◆ **EXERCISE OBJECTIVE**: Please, from the entries below, transcribe exactly the lines that begin at the line with "Vibrant Red Poppy Fern Pattern Rug" and end at the line with "will vinegar kill mold spores", without the pictures.

◆ **STUDY MATERIAL**:
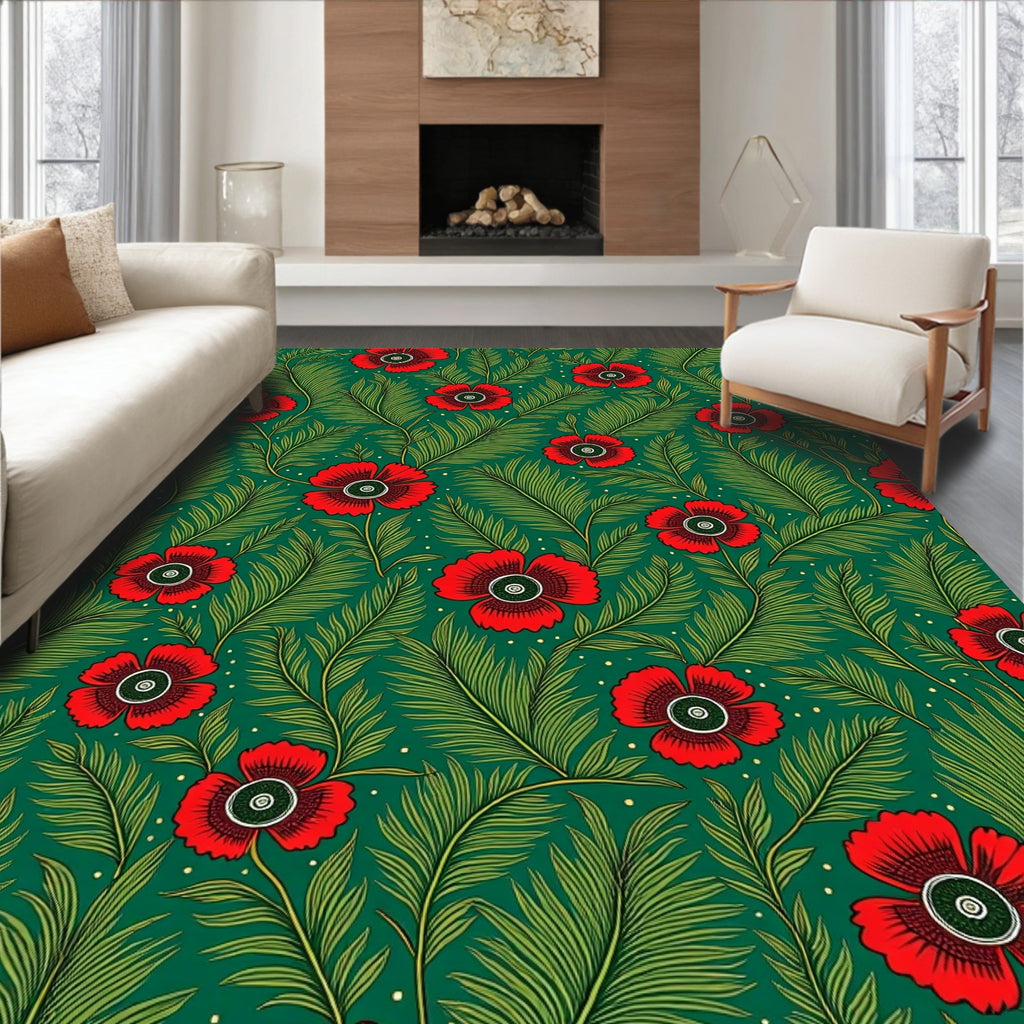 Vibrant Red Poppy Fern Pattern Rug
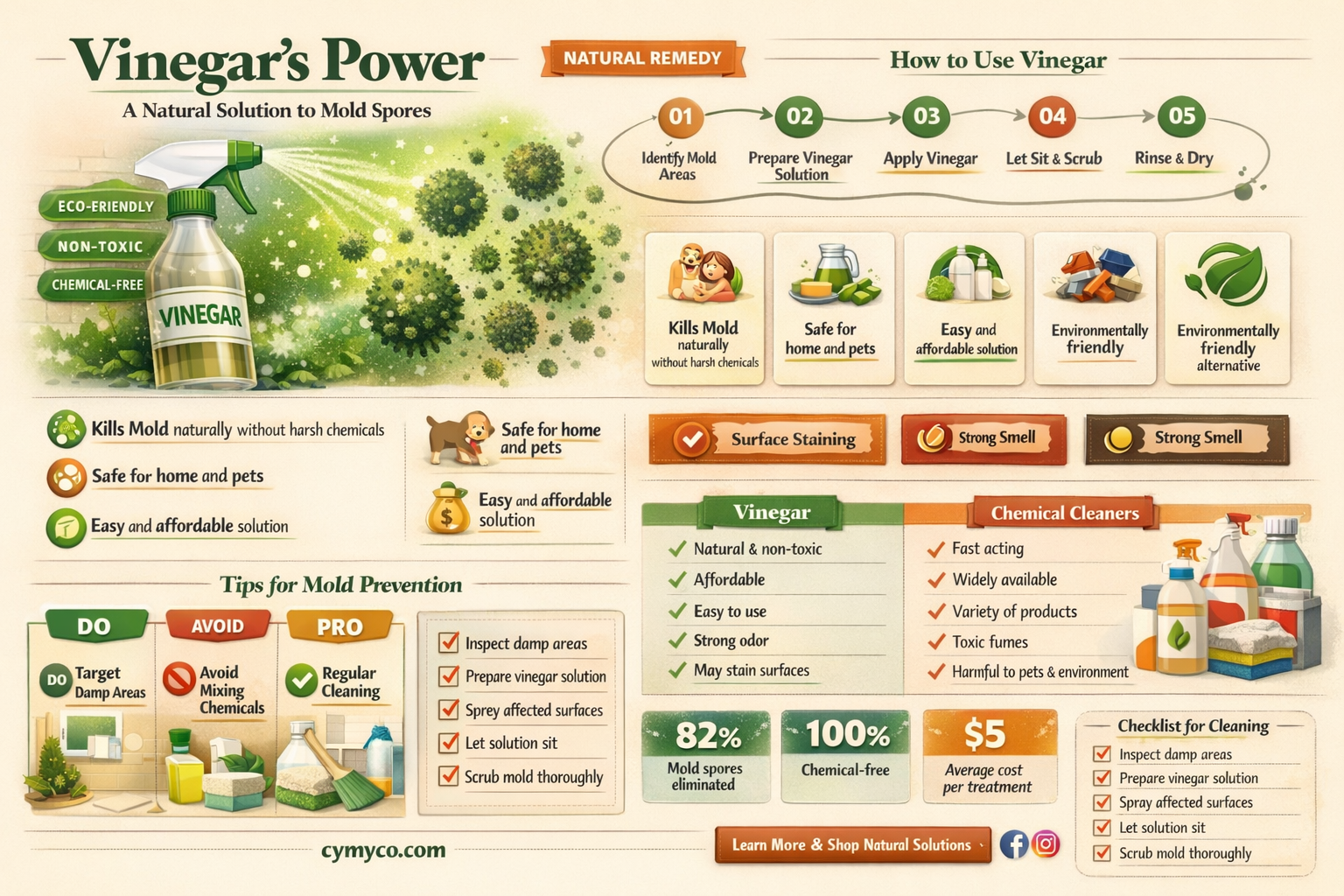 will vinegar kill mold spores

...

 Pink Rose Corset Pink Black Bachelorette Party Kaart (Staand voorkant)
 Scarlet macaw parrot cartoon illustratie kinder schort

◆ **RESPONSE TO THE TASK**:
 Vibrant Red Poppy Fern Pattern Rug
 will vinegar kill mold spores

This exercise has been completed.